Tested_by_stress said:


> Was she with her ex when you started the affair? Did the affair end her marriage?


They have had a on off relationship for 16 years he keeps leaving her when he’s had way then she came at me for over a year wanting a relationship but kept getting back with him then when I left my wife he left her & we got together she was really in to me until she wasn’t then it just went downhill from there


----------



## Evinrude58 (Jun 16, 2014)

You are a slave to your emotions. Gotta stop that. As someone pointed out, your picker is not great. Probably a trait we share. Me, I’m just likely not picking again.
May be sound advice for you too.


----------



## SunCMars (Feb 29, 2016)

Detatchedfromlove said:


> Things are abit iffy at the minute with her I’m treading on egg shells not wanting to upset her, I asked her if the baby is mine she went mental & blocked me again so need a different approach, I think I just have to accept that she’s having sec with him with my baby in her


Went mental?

When did she stop?


----------



## Detatchedfromlove (Dec 16, 2021)

SunCMars said:


> Went mental?
> 
> When did she stop?


Think she always has been, she wanted the relationship I said pump n dump she said no she wants me & only me then started playing games which she won’t admit to & says it’s me I’m all or nothing I asked if we still in a relationship she goes mad & says well your here arnt you what do you want commitment, then ignores & blocks me for days at a time until she needs something


----------



## snowbum (Dec 14, 2021)

Why’d you leave your wife? Sucky situation but you kind of reap what you sow.


----------



## SunCMars (Feb 29, 2016)

Detatchedfromlove said:


> yh I think a vasectomy is for the best & it was an emotional affair until I left my alcohol dependent wife who was more than abusive for a long time I suffered tremendously this women was there for me but ironically she has turned out to be not what I expected or would choose as a partner or a parent for my child


Ah, yes....

The _natal Moon _that represented your wife, knows were you live, and sends forth those breasted demons to taunt you, taste you, ugh, taint you.

There may be neurotic witches living in your 7th house's belfry or with its ruler.


----------



## Detatchedfromlove (Dec 16, 2021)

snowbum said:


> Why’d you leave your wife? Sucky situation but you kind of reap what you sow.


My marriage was over for several years before I left my wife, she was verbally abusive constantly drunk it was living hell no love no affection no respect she tried cheating several times even fell in love with one of my so called friends I banned him from the family home & comforted her through it even though I was hurt, this other women helped me out I couldn’t leave but she gave me the strength I lacked


----------



## SunCMars (Feb 29, 2016)

It is so hard for a man, not to jump, when the little head twitches, when those witches come haunting, and taunting.
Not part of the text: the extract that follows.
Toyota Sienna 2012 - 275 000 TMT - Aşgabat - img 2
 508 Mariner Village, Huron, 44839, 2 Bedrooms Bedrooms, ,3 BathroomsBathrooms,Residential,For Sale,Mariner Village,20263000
OP, flee this scented _*Venus **Fly Trap*_, lest she close her legs on you, and slowly digest you.


**close your zipper on her, forever and a day, I say.


----------



## Beach123 (Dec 6, 2017)

Detatchedfromlove said:


> I’ve pulled her up on this & told her I feel used & lied to but she hits the roof & ends contact with me but then unblocked me again & guess what I run straight back it’s prolonging the pain & I know it’s my own fault it feels like some sort of karmic lesson


Users and abusers get angry when you call them out in their truth.
Why bother? She’s not going to admit to anything she’s done. She certainly isn’t going to change!
It’s possible she knows the father of the baby may be the other guy - and maybe he doesn’t have the income you have.
Either way - stay far far away from her brand of chaos - it won’t change. You’d be in for a lifetime of a crappy roller coaster ride being used.


----------



## Beach123 (Dec 6, 2017)

Detatchedfromlove said:


> My marriage was over for several years before I left my wife, she was verbally abusive constantly drunk it was living hell no love no affection no respect she tried cheating several times even fell in love with one of my so called friends I banned him from the family home & comforted her through it even though I was hurt, this other women helped me out I couldn’t leave but she gave me the strength I lacked


do some professional counseling to find out why YOU choose this type of woman.
And more importantly, how to change yourself so you don’t choose this type again!


----------



## gameopoly5 (5 mo ago)

Detatchedfromlove said:


> I got with a women around the end of may (she was my AP before I left my wife in January this year) we had a fantastic few months together but something changed she was really in to me, she would wake up in the morning & video call me as soon as she opened her eyes, every day several times a day constantly in contact with me then always at my house hands all over me she was literally obsessed & I loved every minute of it. We both told each other we love each other she told her ex she wants only me she told her family and friends about us (she was really happy) then after about 3-4 months she started going distant & having other guy’s texting & phoning her also allowed her ex back at her house for several nights, I tried to end all contact but she just kept coming back then going again ignoring me etc, always shouting at me when I asked what we are as things seemed to have changed, then she said she still wants me & had her coil removed & told me several weeks later & is now carrying our baby, we split just before she found out & she got in touch to tell me she’s pregnant the dates do match & im 100% confident the baby’s mine but she now says she doesn’t know if she wants to keep the baby & her ex keeps going round there for a night here & there which absolutely disgusts me the thought of her having sex with someone else while carrying out baby, I let my emotions take over & called her a dirty slag & feel awful for doing so we are now on talking terms at the minute & I was there for a few hours the other day but her ex went round after me, I’m more lost in my thoughts & hurting like mad, I honestly don’t no what is best to do anymore I don’t believe in abortion, there’s a life in her a tiny human forming but I can’t trust her she shown me colours I’ve never seen before & it’s literally drained the life out of me being with her. She has him there then doesn’t speak to me but when he’s gone she gets in touch I’ve tried to talk to her about this situation but she will not accept any responsibility. It’s all on me, I’ve spent £1000s on this women & she says I’ve given her nothing, I don’t get any of it I think maybe she has bi-polar or some sort of mental illness I just need some advice thank you for reading my post.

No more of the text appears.